Кока метался, в спешке собирая чемодан левой рукой (правая была в гипсе), чтобы немедленно бежать из Тбилиси. Он кидал в зев чемодана какие-то вещи, плохо соображая, что делает; заглядывал зачем-то в углы, хлопал дверцами шкафов, бессмысленно осматривая полки и вешалки, а потом плюхался в кресло и застывал в тяжком недоумении.
Только что позвонил Тугуши и сообщил, что Художник умер в Ожоговом центре, а милиция открыла дело на всех, кто был в лаборатории, когда возник пожар.
— Откуда ты знаешь? Когда умер? Может, понт? — осел Кока.
— Нет, правда умер.
Но Коке не верилось. С Художником он был знаком с детства, вместе ходили на кружок рисования в Дом пионеров, вместе начали пить пиво и пропускать школу, а потом уже пошли девочки, драки, музыка, анаша, таблетки, ампулы, порошки.
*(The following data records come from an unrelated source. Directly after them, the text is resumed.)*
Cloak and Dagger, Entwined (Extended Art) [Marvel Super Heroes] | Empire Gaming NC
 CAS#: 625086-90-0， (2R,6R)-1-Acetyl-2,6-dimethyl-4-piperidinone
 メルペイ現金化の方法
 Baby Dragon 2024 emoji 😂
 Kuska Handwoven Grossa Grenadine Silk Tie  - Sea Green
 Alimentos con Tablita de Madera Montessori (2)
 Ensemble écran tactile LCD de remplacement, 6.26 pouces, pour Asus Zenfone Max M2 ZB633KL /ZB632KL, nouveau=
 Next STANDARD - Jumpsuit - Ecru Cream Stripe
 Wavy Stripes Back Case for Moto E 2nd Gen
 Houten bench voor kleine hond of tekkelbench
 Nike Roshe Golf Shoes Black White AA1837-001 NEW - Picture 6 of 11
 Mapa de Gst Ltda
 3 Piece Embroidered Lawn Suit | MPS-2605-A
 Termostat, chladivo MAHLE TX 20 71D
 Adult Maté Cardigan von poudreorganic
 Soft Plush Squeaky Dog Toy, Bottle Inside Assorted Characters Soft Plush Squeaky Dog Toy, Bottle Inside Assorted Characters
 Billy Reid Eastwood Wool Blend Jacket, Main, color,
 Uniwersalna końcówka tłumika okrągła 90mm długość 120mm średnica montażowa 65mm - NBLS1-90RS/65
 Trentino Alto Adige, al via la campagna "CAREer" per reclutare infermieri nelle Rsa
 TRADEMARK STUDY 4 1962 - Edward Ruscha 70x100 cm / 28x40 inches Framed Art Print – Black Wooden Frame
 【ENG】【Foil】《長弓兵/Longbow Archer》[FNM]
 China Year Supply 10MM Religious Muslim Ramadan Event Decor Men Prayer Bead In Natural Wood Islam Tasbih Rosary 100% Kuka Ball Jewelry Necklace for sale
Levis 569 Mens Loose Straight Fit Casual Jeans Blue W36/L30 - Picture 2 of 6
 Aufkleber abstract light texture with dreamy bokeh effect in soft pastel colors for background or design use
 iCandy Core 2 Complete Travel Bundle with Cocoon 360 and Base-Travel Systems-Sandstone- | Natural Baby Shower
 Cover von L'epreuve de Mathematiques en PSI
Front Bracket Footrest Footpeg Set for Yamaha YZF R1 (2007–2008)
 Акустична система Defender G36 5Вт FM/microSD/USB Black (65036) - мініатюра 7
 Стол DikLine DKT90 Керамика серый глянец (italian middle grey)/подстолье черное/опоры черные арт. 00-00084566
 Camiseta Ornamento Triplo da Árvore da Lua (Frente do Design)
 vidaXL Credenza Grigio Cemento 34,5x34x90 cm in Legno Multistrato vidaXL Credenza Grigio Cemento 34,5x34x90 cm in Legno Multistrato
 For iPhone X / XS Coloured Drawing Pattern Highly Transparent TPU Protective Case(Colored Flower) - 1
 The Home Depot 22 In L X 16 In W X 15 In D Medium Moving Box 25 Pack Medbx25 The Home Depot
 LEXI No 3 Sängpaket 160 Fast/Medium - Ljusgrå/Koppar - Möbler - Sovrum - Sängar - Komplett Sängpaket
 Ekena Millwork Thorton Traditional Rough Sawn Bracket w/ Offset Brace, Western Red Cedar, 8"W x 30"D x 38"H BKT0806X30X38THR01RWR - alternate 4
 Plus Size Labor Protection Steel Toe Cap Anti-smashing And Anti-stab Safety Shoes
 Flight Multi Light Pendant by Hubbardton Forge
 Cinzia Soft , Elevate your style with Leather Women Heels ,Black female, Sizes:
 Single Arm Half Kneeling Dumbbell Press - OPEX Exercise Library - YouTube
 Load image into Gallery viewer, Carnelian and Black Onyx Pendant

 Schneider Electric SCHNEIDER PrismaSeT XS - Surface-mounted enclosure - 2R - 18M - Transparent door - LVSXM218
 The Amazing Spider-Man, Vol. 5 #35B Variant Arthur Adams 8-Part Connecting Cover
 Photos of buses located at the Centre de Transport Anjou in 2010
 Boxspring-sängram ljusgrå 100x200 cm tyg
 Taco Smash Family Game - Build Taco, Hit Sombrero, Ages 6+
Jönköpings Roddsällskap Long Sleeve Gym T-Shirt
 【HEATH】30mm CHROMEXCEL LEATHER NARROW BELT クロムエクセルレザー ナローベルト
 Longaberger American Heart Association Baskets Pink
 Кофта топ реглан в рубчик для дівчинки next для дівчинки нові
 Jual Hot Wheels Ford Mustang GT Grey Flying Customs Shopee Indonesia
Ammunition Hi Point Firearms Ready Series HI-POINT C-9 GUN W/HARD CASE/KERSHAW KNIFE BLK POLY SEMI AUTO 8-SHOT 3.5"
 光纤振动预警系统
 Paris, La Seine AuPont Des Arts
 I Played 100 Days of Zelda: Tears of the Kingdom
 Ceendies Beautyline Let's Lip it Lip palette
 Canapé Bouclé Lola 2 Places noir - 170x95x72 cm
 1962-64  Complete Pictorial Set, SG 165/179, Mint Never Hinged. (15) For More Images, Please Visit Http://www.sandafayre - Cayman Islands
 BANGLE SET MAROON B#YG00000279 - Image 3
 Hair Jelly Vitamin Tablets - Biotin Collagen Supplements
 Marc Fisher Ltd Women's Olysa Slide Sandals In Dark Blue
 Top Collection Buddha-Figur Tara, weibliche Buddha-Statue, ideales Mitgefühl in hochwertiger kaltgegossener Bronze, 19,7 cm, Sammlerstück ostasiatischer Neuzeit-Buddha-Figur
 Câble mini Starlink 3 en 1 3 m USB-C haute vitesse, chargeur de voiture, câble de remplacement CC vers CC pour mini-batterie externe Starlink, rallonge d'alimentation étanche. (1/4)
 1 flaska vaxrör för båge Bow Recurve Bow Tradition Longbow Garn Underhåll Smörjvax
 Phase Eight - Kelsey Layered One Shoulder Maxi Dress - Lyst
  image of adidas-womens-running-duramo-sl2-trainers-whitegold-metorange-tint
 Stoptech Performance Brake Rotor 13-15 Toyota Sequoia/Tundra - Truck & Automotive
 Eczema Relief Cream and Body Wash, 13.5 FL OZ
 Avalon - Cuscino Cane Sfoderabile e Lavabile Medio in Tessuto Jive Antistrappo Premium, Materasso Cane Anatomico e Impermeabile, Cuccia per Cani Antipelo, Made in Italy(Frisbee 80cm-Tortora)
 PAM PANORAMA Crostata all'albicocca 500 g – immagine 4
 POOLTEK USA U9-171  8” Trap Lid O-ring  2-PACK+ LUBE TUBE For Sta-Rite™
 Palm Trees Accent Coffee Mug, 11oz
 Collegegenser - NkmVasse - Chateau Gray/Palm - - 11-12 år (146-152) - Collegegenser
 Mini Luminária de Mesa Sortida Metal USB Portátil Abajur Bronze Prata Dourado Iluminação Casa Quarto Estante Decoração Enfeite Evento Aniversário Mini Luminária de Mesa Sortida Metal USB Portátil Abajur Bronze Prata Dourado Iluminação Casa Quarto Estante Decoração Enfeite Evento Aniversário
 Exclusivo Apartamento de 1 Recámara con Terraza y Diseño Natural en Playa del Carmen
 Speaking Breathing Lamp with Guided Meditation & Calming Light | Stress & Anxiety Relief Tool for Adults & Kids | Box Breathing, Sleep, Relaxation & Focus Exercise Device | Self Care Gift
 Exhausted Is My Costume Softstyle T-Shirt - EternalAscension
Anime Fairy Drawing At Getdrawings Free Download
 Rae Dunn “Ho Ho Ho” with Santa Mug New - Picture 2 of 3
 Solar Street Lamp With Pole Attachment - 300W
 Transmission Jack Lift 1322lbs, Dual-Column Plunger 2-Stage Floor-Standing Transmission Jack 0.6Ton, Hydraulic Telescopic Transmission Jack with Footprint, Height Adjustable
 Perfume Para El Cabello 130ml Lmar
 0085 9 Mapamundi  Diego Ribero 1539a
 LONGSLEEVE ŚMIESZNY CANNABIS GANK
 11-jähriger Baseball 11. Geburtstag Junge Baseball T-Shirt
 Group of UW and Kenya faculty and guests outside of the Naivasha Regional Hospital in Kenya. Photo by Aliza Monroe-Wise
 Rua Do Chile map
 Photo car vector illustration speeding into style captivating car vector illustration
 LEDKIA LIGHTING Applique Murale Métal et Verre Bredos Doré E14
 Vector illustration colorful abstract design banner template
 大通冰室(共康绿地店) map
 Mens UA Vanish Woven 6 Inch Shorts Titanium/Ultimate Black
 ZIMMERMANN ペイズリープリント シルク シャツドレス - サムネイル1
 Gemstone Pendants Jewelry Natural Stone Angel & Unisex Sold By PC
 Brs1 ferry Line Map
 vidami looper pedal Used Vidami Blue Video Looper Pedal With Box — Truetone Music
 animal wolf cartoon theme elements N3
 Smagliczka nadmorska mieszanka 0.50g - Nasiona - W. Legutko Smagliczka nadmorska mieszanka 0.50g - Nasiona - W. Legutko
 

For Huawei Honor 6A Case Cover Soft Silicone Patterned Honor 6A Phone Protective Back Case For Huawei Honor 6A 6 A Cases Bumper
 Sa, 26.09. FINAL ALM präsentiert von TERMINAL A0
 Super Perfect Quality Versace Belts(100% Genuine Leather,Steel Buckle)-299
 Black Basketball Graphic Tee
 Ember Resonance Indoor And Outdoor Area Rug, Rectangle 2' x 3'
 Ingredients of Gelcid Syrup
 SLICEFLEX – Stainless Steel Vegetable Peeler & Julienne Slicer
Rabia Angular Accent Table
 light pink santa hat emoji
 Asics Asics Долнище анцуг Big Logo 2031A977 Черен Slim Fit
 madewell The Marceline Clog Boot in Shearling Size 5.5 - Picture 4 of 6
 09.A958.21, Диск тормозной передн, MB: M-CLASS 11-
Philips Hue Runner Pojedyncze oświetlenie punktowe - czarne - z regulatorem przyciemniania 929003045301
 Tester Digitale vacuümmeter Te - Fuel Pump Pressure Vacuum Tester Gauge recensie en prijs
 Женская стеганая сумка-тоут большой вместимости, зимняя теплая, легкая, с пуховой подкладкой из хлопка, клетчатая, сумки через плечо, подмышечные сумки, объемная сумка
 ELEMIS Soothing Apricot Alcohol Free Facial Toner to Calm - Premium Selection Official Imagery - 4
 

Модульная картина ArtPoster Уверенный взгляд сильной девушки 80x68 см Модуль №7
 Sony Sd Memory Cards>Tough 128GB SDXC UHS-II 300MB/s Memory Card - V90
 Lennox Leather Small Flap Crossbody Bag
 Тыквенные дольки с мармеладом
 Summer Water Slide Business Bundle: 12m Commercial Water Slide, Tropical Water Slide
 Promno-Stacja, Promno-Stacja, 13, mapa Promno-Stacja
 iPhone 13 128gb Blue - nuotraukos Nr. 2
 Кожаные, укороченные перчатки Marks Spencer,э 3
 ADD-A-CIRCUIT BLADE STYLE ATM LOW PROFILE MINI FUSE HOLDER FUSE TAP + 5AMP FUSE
Не раз выручали друг друга, все делили, не подличали, не продавали и не предавали друг друга, а если цапались, то лишь по мелочам и пустякам.
— Но он как будто пошел на поправку? — утирая слезы, Кока пытался обмануть жизнь, но она неумолимо гундосила голосом Тугуши (у того была вывихнута челюсть) о том, что да, шел на поправку, а потом то ли сепсис, то ли ляпсус, то ли узус — в общем, умер. Тугуши сам толком ничего не знал, отсиживался дома со вправленной челюстью и ожогом на спине, который ему мазала постным маслом домработница Надя. И вот такое…
— А кто тебе это сказал? Ну, про Художника? — спросил Кока.
— Борзик. Позвонил. Сказал, что надо прятаться: после смерти Художника милиция открыла дело и начала серьезно искать тех, кто был на проклятом пожаре. (О том, кто устроил этот пожар, Тугуши старался не думать, а тем более не говорить).
— А до этого не искала?
— Откуда я знаю? Я, как и ты, дома сижу, еле говорю, а есть вообще не могу — так, каши какие-то гадкие… Жалко Художника. Братом мне был… — пробулькал Тугуши.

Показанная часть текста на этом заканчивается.